=== Prompt ===
Retype the lines from the one containing "Stövlar 2023 Antumn" through the last line of the entries below, exactly and in full, omitting every image.

=== Data for this task ===
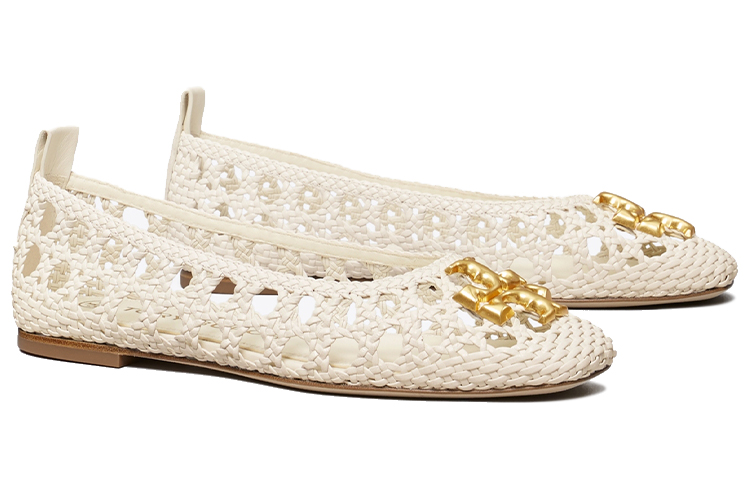 Lookbook TORY BURCH Eleanor 編織 芭蕾舞平底鞋 女款 象牙白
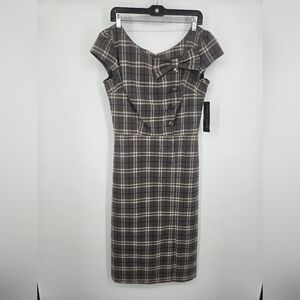 Stop Staring! Brown Gray Cream Plaid Midi Dress with Bow XL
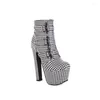 Stövlar 2023 Antumn Winter Women Ankle Plus storlek 22-28 cm tryck PU Upper Modern Buckle Side Zipper High Heel Shoes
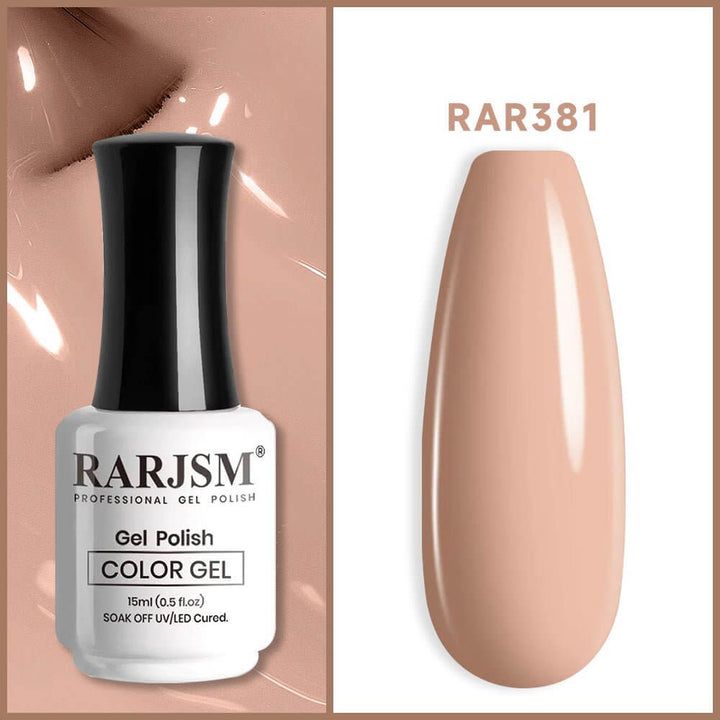 Orange Pink Basic nail colors Classic nude Color Gel Nail Polish 15ml #381 - RARJSM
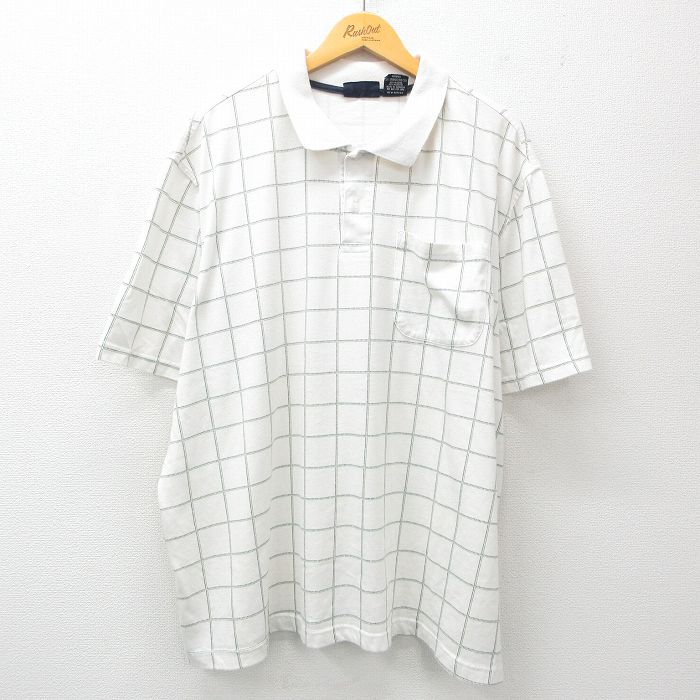 ピューリタン 00s 半袖ポロシャツ ホワイトチェック XL | 古着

=== Response to the exercise ===
 Stövlar 2023 Antumn Winter Women Ankle Plus storlek 22-28 cm tryck PU Upper Modern Buckle Side Zipper High Heel Shoes
 Orange Pink Basic nail colors Classic nude Color Gel Nail Polish 15ml #381 - RARJSM
 ピューリタン 00s 半袖ポロシャツ ホワイトチェック XL | 古着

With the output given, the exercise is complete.